Work order:
In the listing below, which lines contain the string "Avenue"? Copy them all.

The data:

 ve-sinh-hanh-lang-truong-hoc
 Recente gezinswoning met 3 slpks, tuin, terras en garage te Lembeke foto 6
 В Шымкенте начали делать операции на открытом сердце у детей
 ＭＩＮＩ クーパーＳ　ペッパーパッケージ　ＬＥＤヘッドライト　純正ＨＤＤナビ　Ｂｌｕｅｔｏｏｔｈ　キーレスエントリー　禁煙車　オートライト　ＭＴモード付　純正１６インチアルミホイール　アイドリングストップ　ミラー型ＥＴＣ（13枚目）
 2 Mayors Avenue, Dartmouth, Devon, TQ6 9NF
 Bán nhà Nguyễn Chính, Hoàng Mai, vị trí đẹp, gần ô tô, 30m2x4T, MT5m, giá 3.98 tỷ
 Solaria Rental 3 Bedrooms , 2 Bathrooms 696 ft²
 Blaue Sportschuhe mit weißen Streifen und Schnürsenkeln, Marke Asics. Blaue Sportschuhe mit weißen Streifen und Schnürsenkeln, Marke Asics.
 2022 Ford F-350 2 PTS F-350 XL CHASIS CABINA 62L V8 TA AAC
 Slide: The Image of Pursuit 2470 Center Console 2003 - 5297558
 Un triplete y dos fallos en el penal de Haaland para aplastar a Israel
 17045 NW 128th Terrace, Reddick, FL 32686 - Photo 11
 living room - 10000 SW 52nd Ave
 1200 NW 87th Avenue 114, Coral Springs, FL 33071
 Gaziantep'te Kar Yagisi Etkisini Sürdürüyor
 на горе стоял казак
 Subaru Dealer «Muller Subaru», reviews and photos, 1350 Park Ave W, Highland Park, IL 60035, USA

Solution to the problem:
 2 Mayors Avenue, Dartmouth, Devon, TQ6 9NF
 1200 NW 87th Avenue 114, Coral Springs, FL 33071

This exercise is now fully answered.